Question

SVA package - ERROR: nvobj = sva(edata, mod, mod0, n.sv=n.sv)

1

Entering edit mode

aina.jene ▴ 10

@ainajene-12984

Last seen 8.5 years ago

ISGlobal - Barcelona

Hello,

I am currently working on an RNA-seq ExpressionSet from TCGA and I want to proceed with a linear model analysis using voom, but first I need to remove the batch effect. In order to do so, I am using sva package.

My data is:

In this expression set, the dimensions are:

pheno: 164 3
edata: 20531 164

In pheno we have all samples in rows and each column represents: Call, Status and Id

Call: the individual can present “Loss of Chromosome Y”, “Normal” or “XYY”.
Status: stands for the origin of each sample “tumor” or “normal”.
Id: the id of each sample

Knowing that:

Full model is:

mod = model.matrix(~ Call + Status, data = pheno) [both, Call and Status are class factor]

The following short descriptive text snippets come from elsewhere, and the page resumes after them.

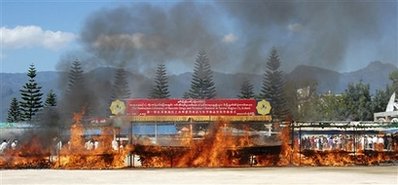 ကိုးကန္ ့ေဒသေလာက္ကိုင္ၿမိဳ ့တြင္ ေဒၚလာသန္း ၂၀ ဖိုးရွိ မူးယစ္ေဆး၀ါးမ်ားကို မီးရႈိ ့ဖ်က္ဆီးစဥ္(ျမန္မာ ႏိုင္ငံ ၏ မူးယစ္ေဆး၀ါး အထြက္ ႏႈန္းမွာ တစ္ႏွစ္လွ်င္ ေဒၚလာသန္း၂၀၀ နီးပါးျဖစ္သည္)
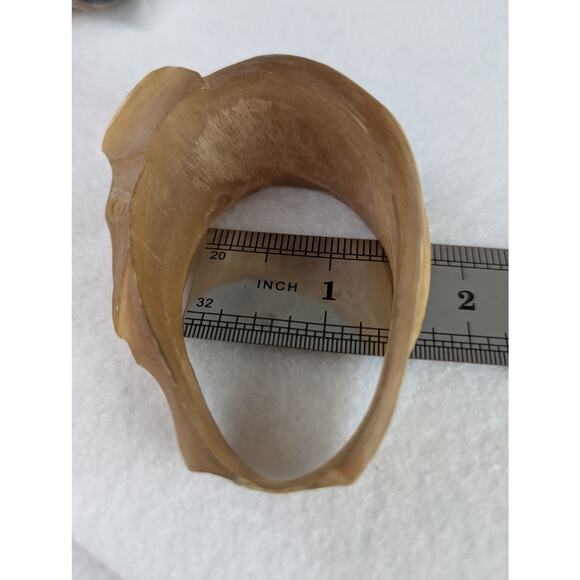 Hand Carved small bracelet from Africa 6" inside circumference Elephant vintage - Picture 2 of 5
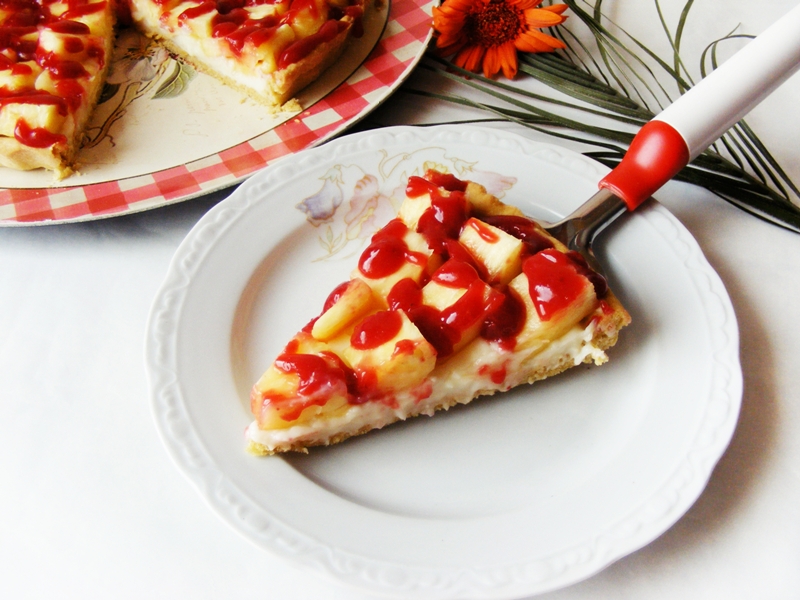 Tarta cu ananas si jeleu de zmeura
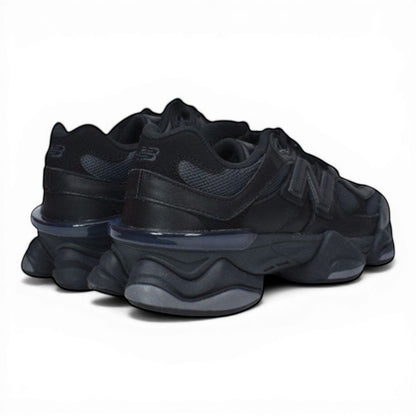 urbanstyle New Balance 9060 Triple Black sneakers with mesh and leather details.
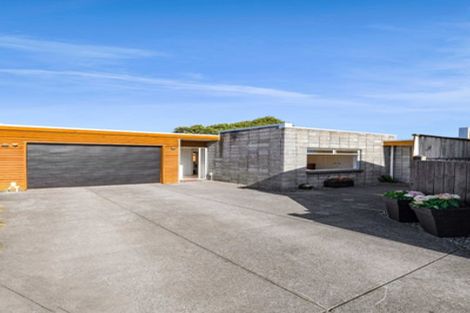 Photo of property in 14a Arawa Street, Welbourn, New Plymouth, 4312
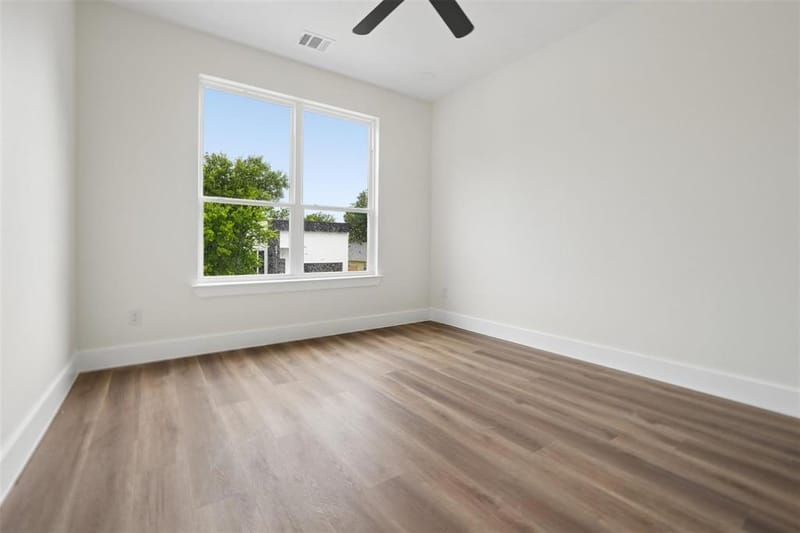 2646 Alabama Avenue, Dallas TX 75216 - Photo 32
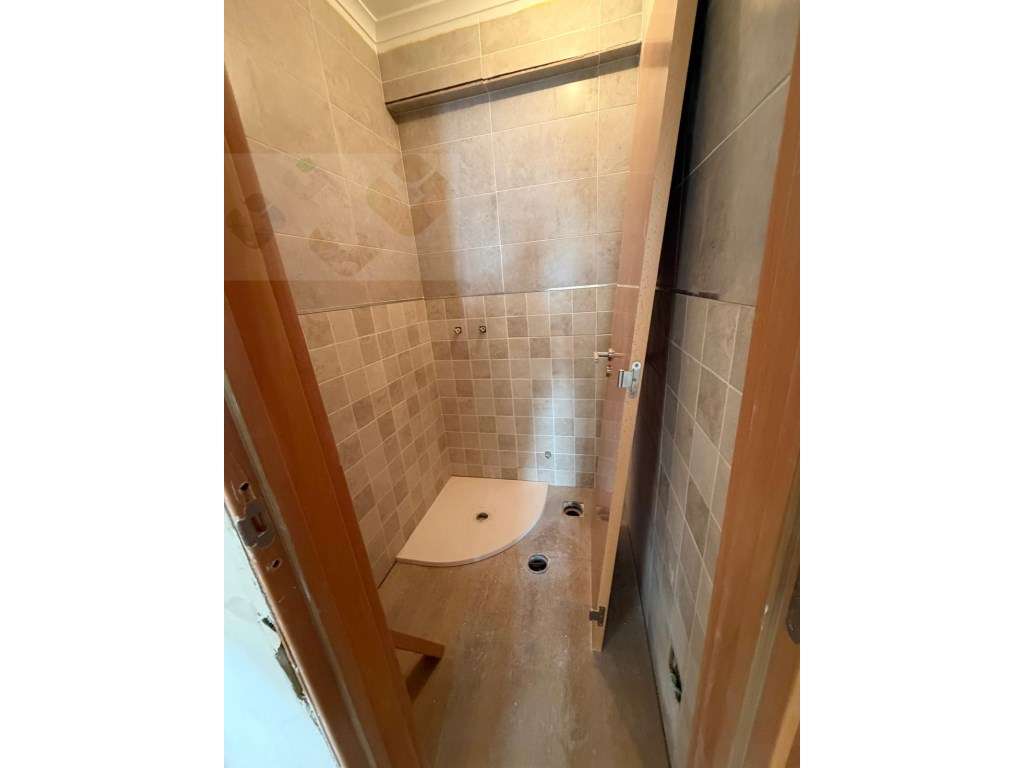 Amadora Urb. Quinta do Borel, T3, Remodelado, r/chão, Oportunidade!!!!-12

Null model is just like the example in the vignette:

mod0 = model.matrix(~ 1, data = pheno)

Then, when I try to find the number of surrogate variables (ns <- num.sv(counts, mod, method="leek"), it turns out that there are 160 variable. If I change the method to "be", then the number of surrogate variables decrease to 1.

Finally, when I try the next function:

svobj <- sva(counts, mod, mod0, n.sv=ns)

I ALWAYS get the following error message:

" Number of significant surrogate variables is: 1

Iteration (out of 5): Error in density.default(x, adjust = adj): 'x' contains missing values "

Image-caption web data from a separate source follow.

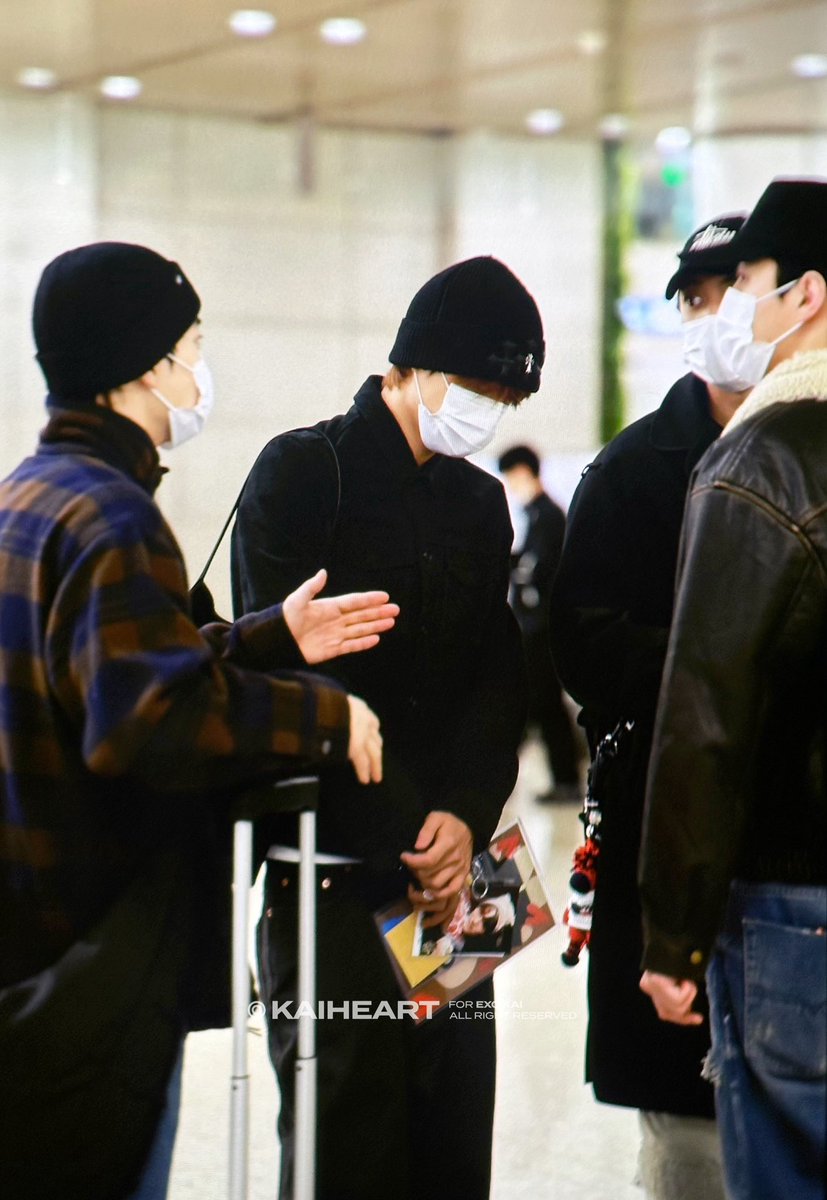 260215 ICN

#KAI #카이 #종인 #엑소카이
<a href="/weareoneEXO/">EXO</a>
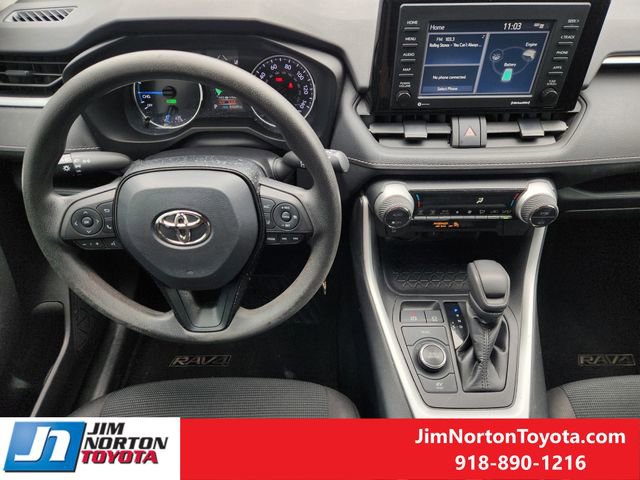 Used 2021 Toyota RAV4 LE image 28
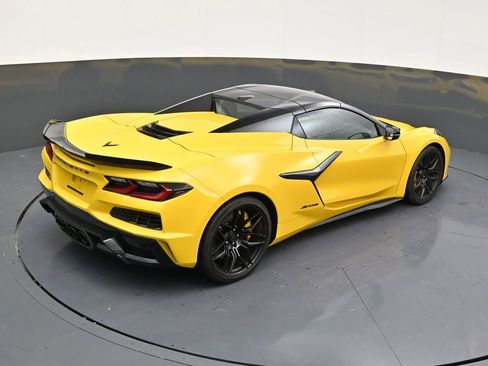 Used 2026 Chevrolet Corvette Z06 image 16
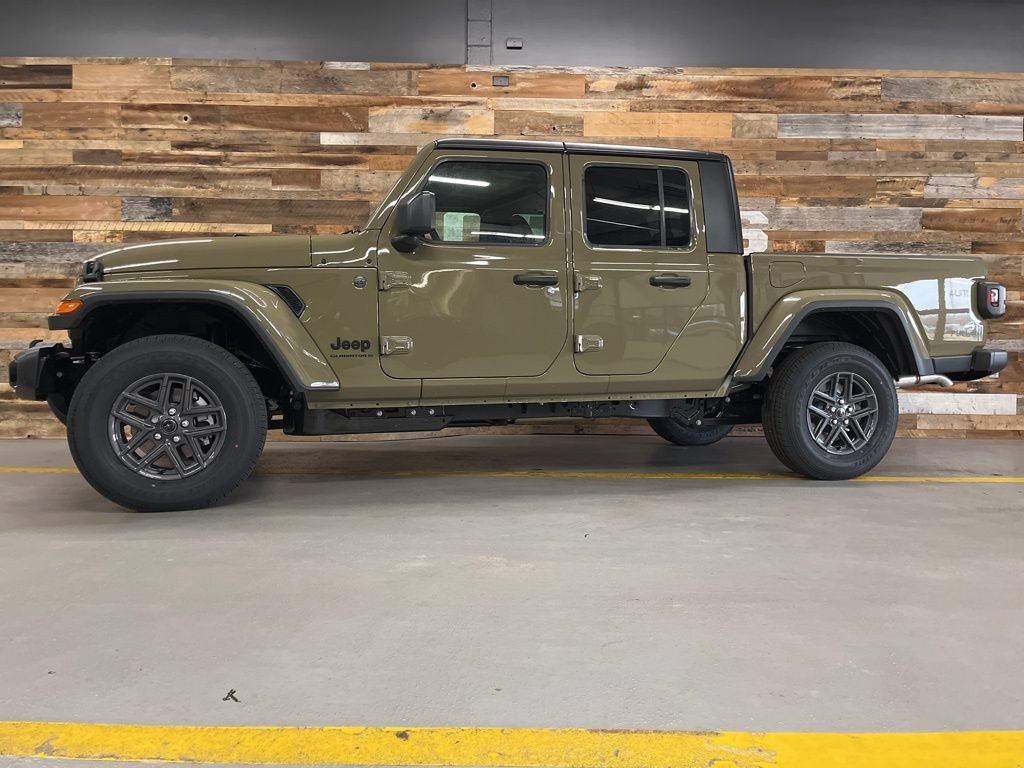 New 2026 Jeep Gladiator Sport AWD/4WD image 57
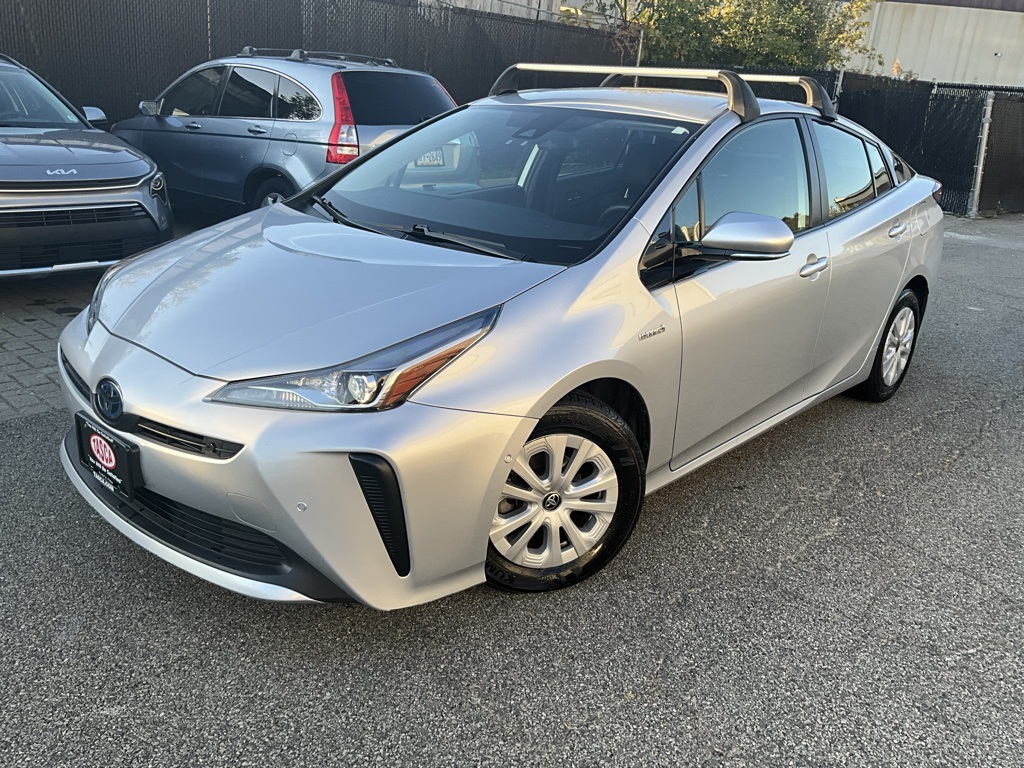 2019 Toyota Prius LE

I have already checked the data and there are no missing values at all, and I have also tried to remove those rows with values equal to 0 in order to reduce the dataset but it did not work either.

Could anybody help me to try and find a solution?

Thank you all beforehand,

Aina

sva removebatcheffect R • 2.7k views

ADD COMMENT • link updated 8.7 years ago by sina.nassiri ▴ 130 • written 8.7 years ago by aina.jene ▴ 10

score 1 · Accepted Answer · 2017-05-09

Aina,

You mentioned that you want to proceed with a linear model analysis using "voom" and also referred to your input matrix as "counts", so I'm assuming you have count data in hand. If that's the case, you would want to use svaseq() instead of sva().
In regard to formulating the full model, I just want to add that you need to be careful that you don't leave any potentially important biological factor out of equation. For example, in your full model you're assuming that "Call" and "Status" have a linear additive effect on gene expression. I don't know enough about your data, but could there be interaction between "Call" and "Status"? Keep in mind that any effects that are not explicitly accounted for in the full model may be removed by sva/svaseq as unwanted effects.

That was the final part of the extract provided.